- _SUPPLIED DATA_
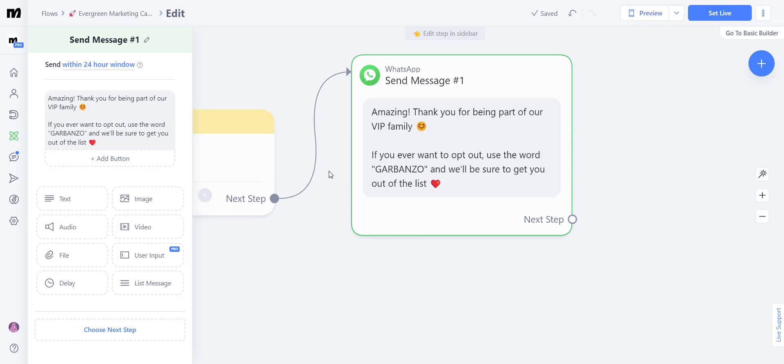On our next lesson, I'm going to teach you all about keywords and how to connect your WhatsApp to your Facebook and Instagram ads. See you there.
* * *
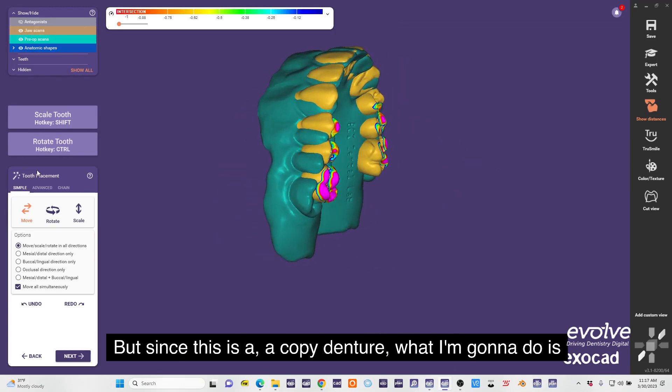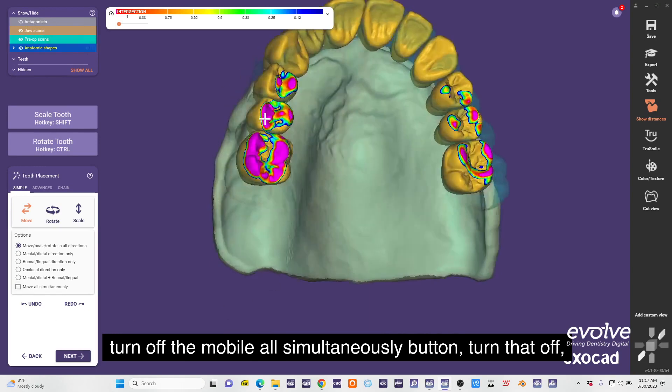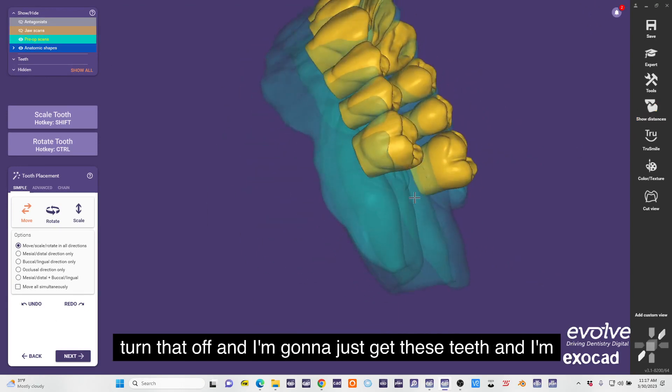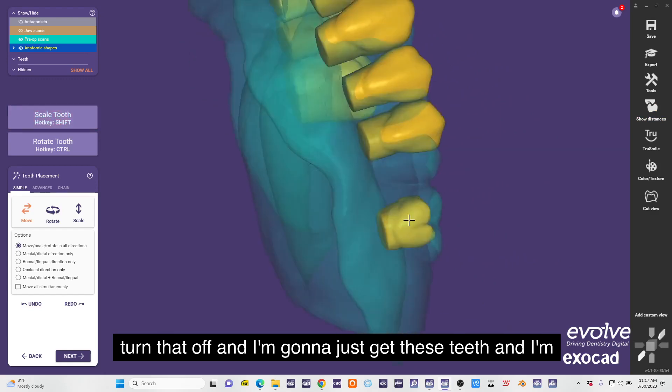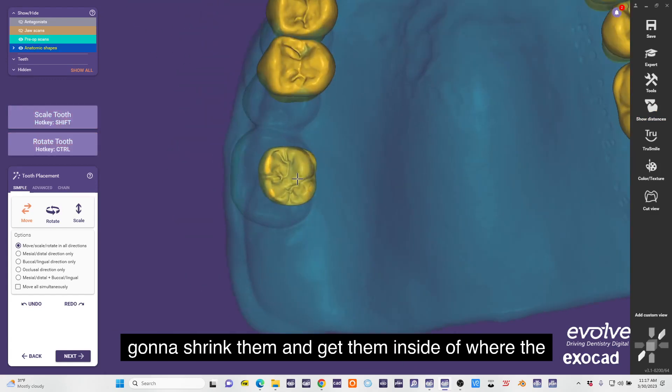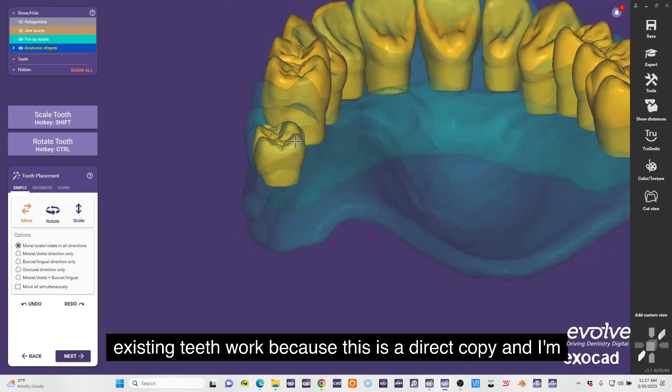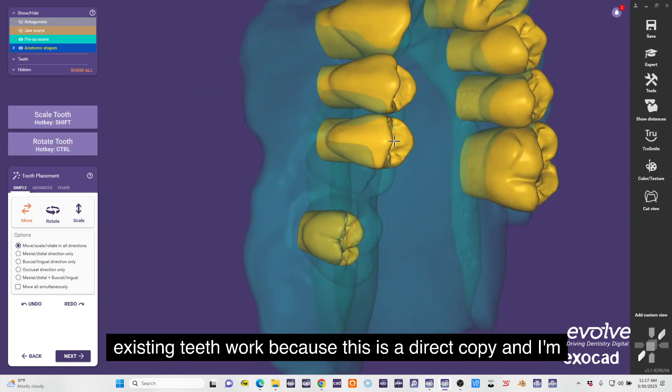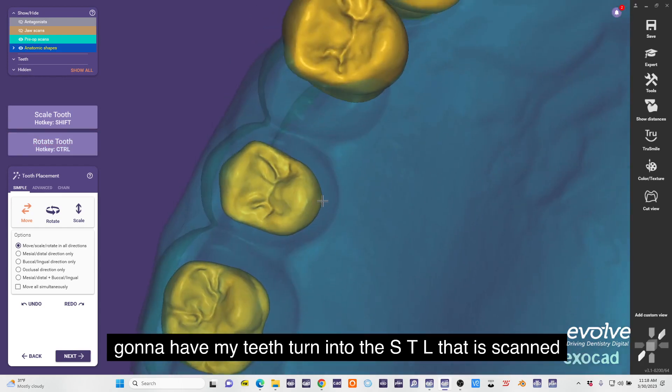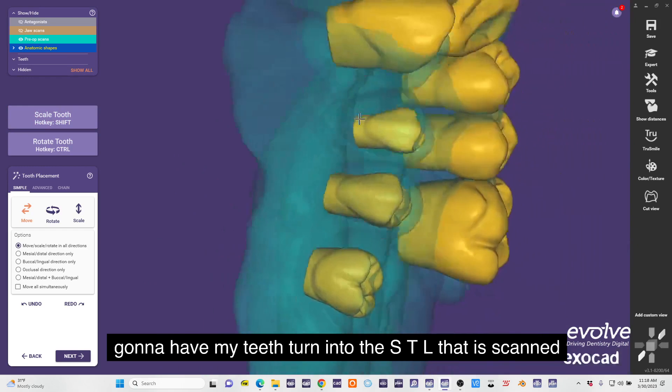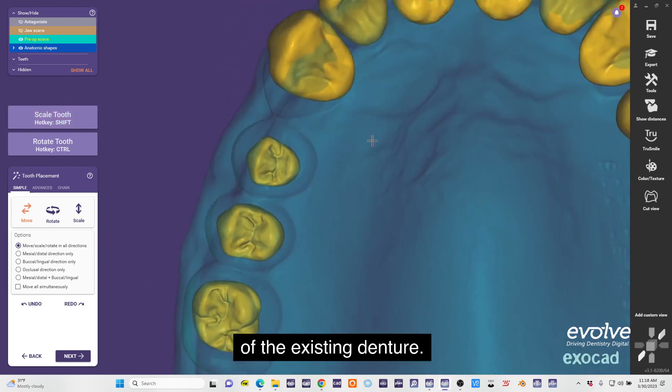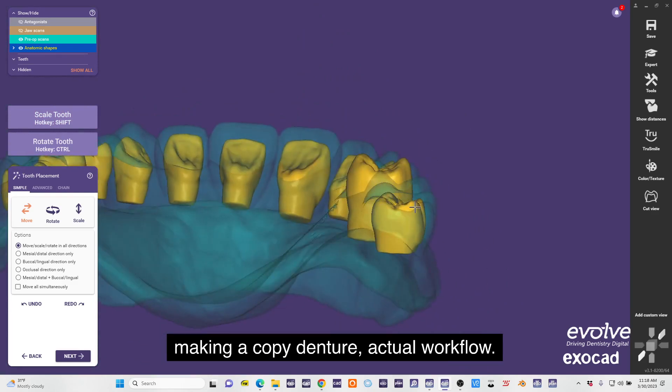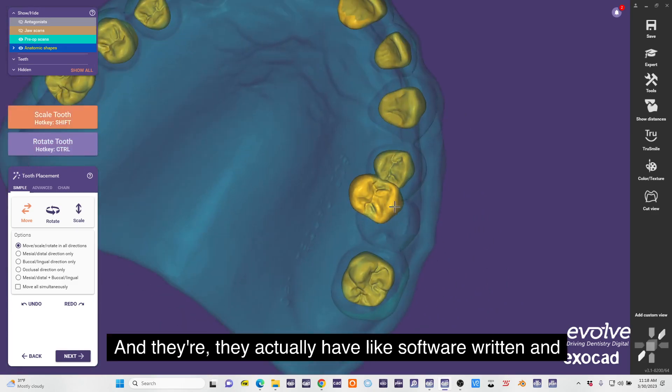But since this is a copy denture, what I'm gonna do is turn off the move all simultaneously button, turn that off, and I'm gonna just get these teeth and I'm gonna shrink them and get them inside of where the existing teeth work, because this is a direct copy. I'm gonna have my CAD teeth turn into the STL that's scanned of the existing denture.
---
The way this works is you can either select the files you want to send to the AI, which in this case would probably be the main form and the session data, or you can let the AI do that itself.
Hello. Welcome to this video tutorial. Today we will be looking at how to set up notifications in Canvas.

- _WORK TASK_
Repeat, character for character, the lines of the material above from the line with "The way this" through the line with "Hello. Welcome to".

- _ANSWER AREA_
The way this works is you can either select the files you want to send to the AI, which in this case would probably be the main form and the session data, or you can let the AI do that itself.
Hello. Welcome to this video tutorial. Today we will be looking at how to set up notifications in Canvas.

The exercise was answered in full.